The Diva project centers around Diva.js, a unique jQuery plugin that provides a user interface for viewing document images. The design of this component was informed by a survey of existing document image viewing interfaces, and from this survey a number of functional requirements for how document images should be displayed in a browser were formulated.

While the core of the Diva project is the jQuery plugin, other image processing infrastructure is required to serve the images in an efficient manner. We discuss how the components of this infrastructure work together in the “How it Works” section.

As an open-source project, we welcome feedback and code contributions. We are currently using Diva as part of an ongoing research project in digital music documents, but are interested in how it can be used for other document digitization projects in libraries and archives.

History and Motivation

Diva began as part of a project by the Swiss working group for the Répertoire International des Sources Musicale (RISM) project [1]. RISM is an international initiative, founded in 1952, whose purpose is to identify and catalogue musical sources held in libraries and archives around the world. The RISM database contains extensive information about each source in its catalogue, and is an important tool for discovery and source verification for music researchers.

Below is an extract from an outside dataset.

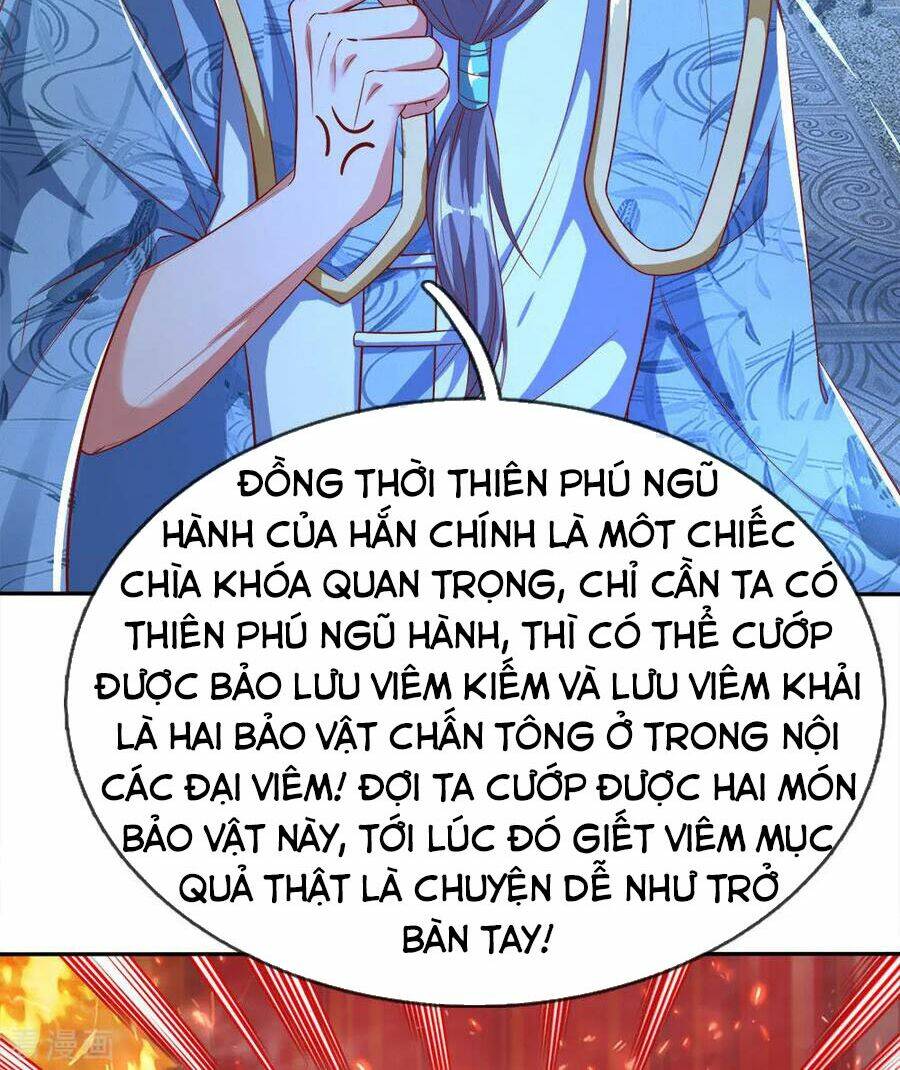 nghịch thiên kiếm thần Chapter 239 - Trang 2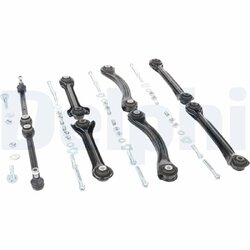 Kit de réparation de bras de suspension DELPHI TC1600KIT pour MERCEDES OE 2103503306KIT* DELPHI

In 2008, the Swiss working group for the RISM project was granted funding for an exploratory project in digitizing musical sources (prints and manuscripts) from Swiss composers held in libraries and monasteries across Switzerland. The goal of this project was to combine the extensive, research-quality metadata gathered over decades with high-quality images of the source itself, and publish these online in a freely accessible database. This would allow researchers to access the sources globally, and provides an important component for the preservation and promotion of Swiss national musical heritage [2].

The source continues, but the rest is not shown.